[Start of Attachment]
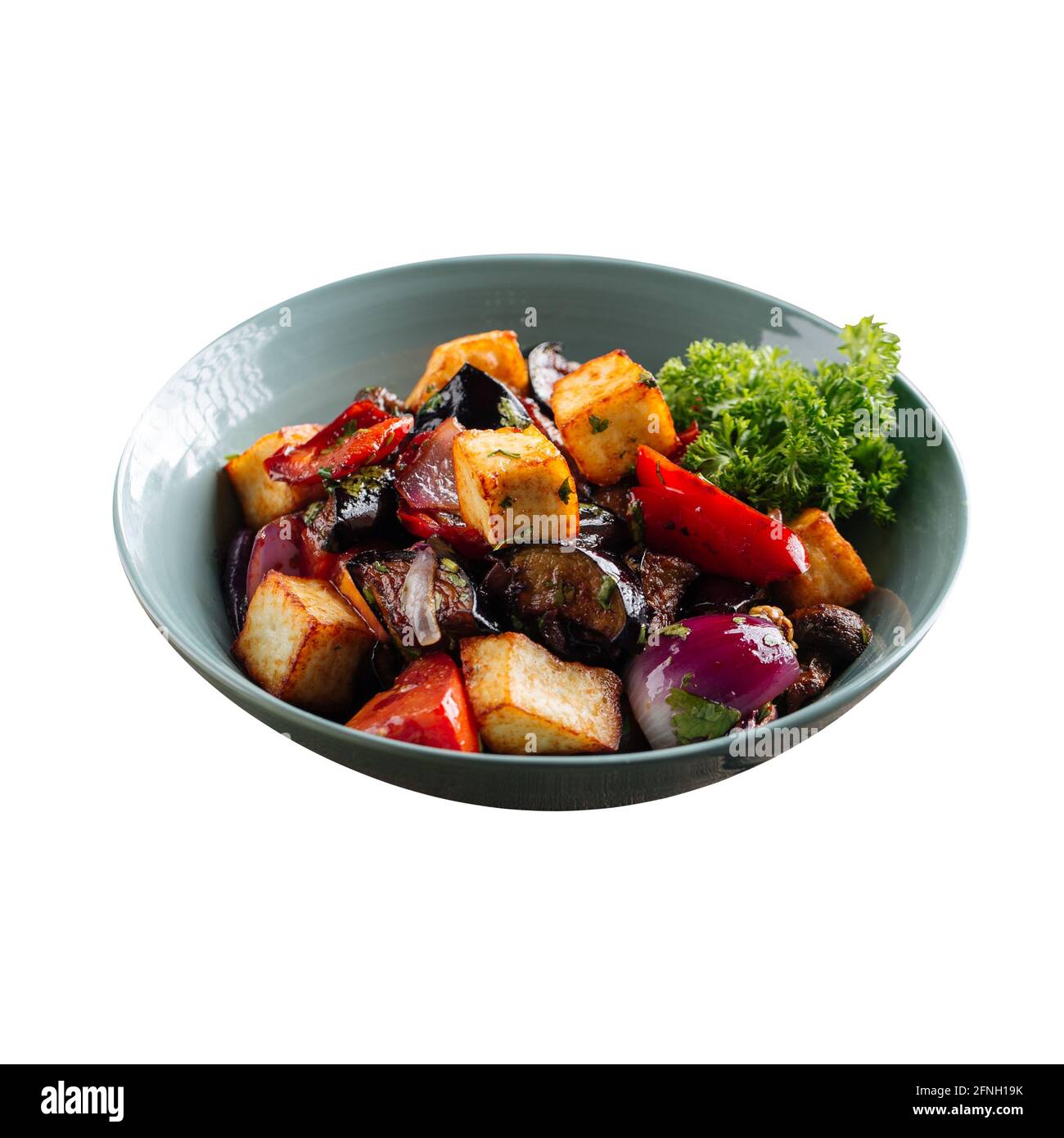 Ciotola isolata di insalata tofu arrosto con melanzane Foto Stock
[End of Attachment]
[Start of Attachment]
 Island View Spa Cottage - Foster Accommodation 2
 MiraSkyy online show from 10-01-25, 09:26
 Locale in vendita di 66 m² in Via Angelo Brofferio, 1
[End of Attachment]
WORK TO COMPLETE:
Copy verbatim, from the listing above, each line from the one containing "MiraSkyy online show from 10-01-25, 09:26" down to the one containing "Locale in vendita", inclusive.

RESULT OF THE EXERCISE:
 MiraSkyy online show from 10-01-25, 09:26
 Locale in vendita di 66 m² in Via Angelo Brofferio, 1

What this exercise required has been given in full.